“The effect on families is devastating,” said The Guardian Professor Jonathan Cooper of Washington University School of Medicine in St Louis, one of the project’s leaders.
The work began with a collaboration with researchers from Collaborations Pharmaceuticals who discovered that mice affected by a form of Batten disease known as CLN1 could be cured with a missing enzyme.
“It was encouraging, but we needed to test the treatment in larger brains with a structure more like a child’s,” said another project leader, Professor Tom Wishart, from the Roslin Institute in the United States. University of Edinburgh, where Dolly the sheep was cloned in 1996. “You cannot directly extrapolate from mouse experiments to humans. Having a larger intermediate model is important.
The researchers used the gene-editing technique known as Crispr-Cas9 to produce a version of the gene that drives CLN1 in sheep.
“The sheep ovaries were taken from the slaughterhouses, the eggs were taken and fertilized. Crispr reagents were added to make the required changes in CLN1 and the eggs were then implanted into surrogate sheep,” Wishart explained.

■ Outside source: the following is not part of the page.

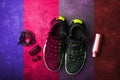Sneakers, headphones, water bottle. The concept of the sport of life in motion. Fashionable retro wave of bright paints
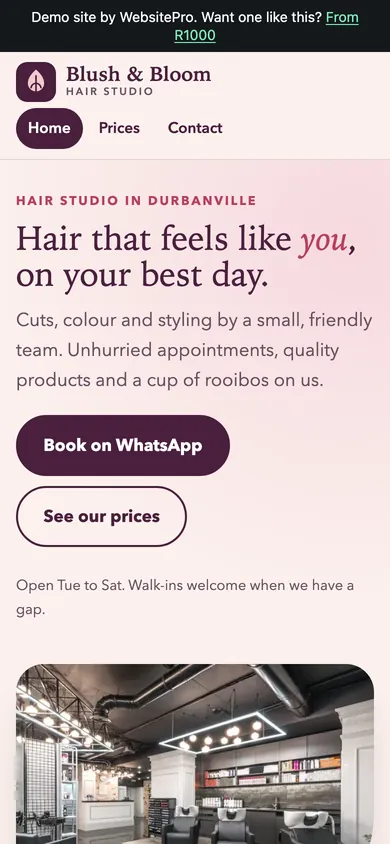 Phone screenshot of the Blush and Bloom Hair Studio example website, with a soft pink hero and a Book on WhatsApp button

Now the researchers had a group of sheep carrying the defective gene.
“They are asymptomatic carriers, like parents of children with Batten disease,” Wishart added. “From these, we could then breed sheep that have two defective copies. They develop a disease like these children and have become the subjects of our therapeutic trials.
Batten disease wreaks havoc on children because they lack an enzyme made by healthy CLN1 genes. This causes their body’s lysosomes, the parts responsible for recycling waste products that accumulate in cells, to malfunction.